Teaching Philosophy

 

My goals for the students with whom I work are to see them increase their knowledge, hone their skills, and increase their experience in exploring and applying knowledge. In striving for these goals, I recognize that teachers do not impart knowledge, but rather we aid students in using their abilities to acquire, master, and apply knowledge.

As a teacher, I seek to draw students along by participating in their learning process. For example, in a Modern Geometries course, after challenging my students to construct interesting tessellations, I combined ideas from two courses to produce a pair of fractal tessellations.  I also helped a few of the students produce quality reproductions of their ideas using Mathematica, Geometer’s Sketchpad, and Adobe Illustrator (http://www.math.uaa.alaska.edu/~afmaf/classes/math305/notes/tessel_gallery/gallery.html). I believe my enthusiasm for the project motivated the students to use their full creativity and skills to design their own tilings and to consider additional departmental courses in which the related skills are taught.

My preferred teaching methodology is to lead students to discoveries through exploration. In one class, when introducing improper integration, I require students to complete a guided project (http://www.math.uaa.alaska.edu/~afmaf/classes/math201/assign/write_improper.pdf). The success of this project was demonstrated by student questions. Some came to my office uncertain what to conclude after stating that they had produced a sequence of estimates which were approaching some value. Upon being asked where in calculus they frequently use the word approaching, these students thought of limits and wrote the final answer.  The majority were ready in class to begin work on examples.

I design my classes to leave students with a desire to learn more. For example, after drawing lower and upper sums to estimate area and learning about Riemann sums, I give my students an assignment emphasizing the conditions of the Fundamental Theorem of Calculus (http://www.math.uaa.alaska.edu/~afmaf/classes/math200/assign/write_rsums.pdf). For this project, students come with the question, “The smaller I make my rectangles, the more I end up with on the left side.” Not only have they discovered the necessity of the continuity condition, but they have also been tantalized with a function with “excessive” variation. Similarly, in linear algebra, my students are stepped through the process of constructing a polynomial approximation of the sine function using inner product spaces, which they compare to the Taylor polynomial approximation. They are left with a new procedure, an apparent improvement, and a desire to further explore numeric mathematics.

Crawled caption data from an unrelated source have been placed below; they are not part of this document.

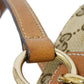 GUCCI Tote Bag 247237 GG canvas x calf leather beige Brown Bucket GG canvas Interlocking G tote Women Used Authentic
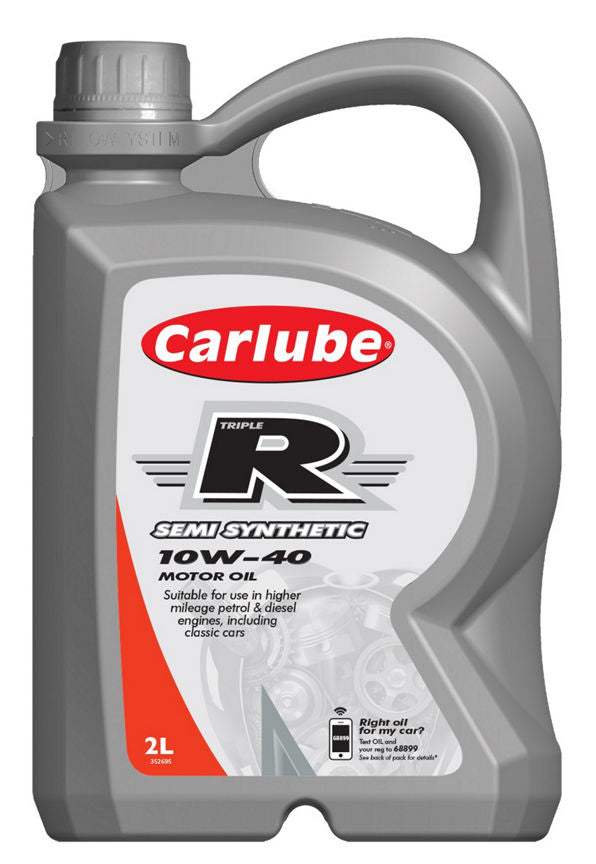 Carlube Triple R 10w40 Semi Synthetic Oil 2L - McGrocer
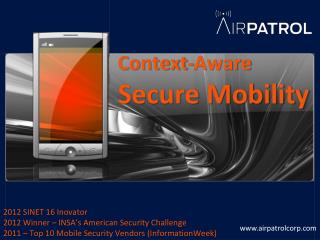 Context-Aware Secure Mobility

My teaching and student assessment methods are designed to help students integrate knowledge. A major component being integrated into my classes is writing across the curriculum. One student began to make the connection between the axiomatic methods used in geometry and the concept of rhetoric while taking Modern Geometries and History of Rhetoric. Her rhetoric professor and I encouraged her to develop the idea in papers she was writing for both classes. The same professor and I are now helping this student develop an animation to teach mathematics as part of another professional communication course.

Through writing projects, I have also identified students with mathematical talent whose progress was hindered by computational difficulties. With the largely “non-traditional” students with whom I work, computational mistakes are more prevalent. Identifying these students has enabled me to encourage them to continue in mathematics and increase their success by addressing their individual computational difficulties. In addition, after attending a Master of Education thesis presentation about teaching math with art, I have begun discussing with an art education faculty member how to use art in the Modern Geometries course and how to encourage future teachers in the course to do the same.

My goals are to aid students as they pursue knowledge and hone their skills and to motivate them to increase their desire and ability to learn and apply their knowledge. I am currently pursuing these goals by an enthusiastic pursuit of personal knowledge incorporated into my classes, by acting as a guide in the discovery of knowledge and the process of exploration, and by continuing to make interdisciplinary connections and incorporating them into my classes.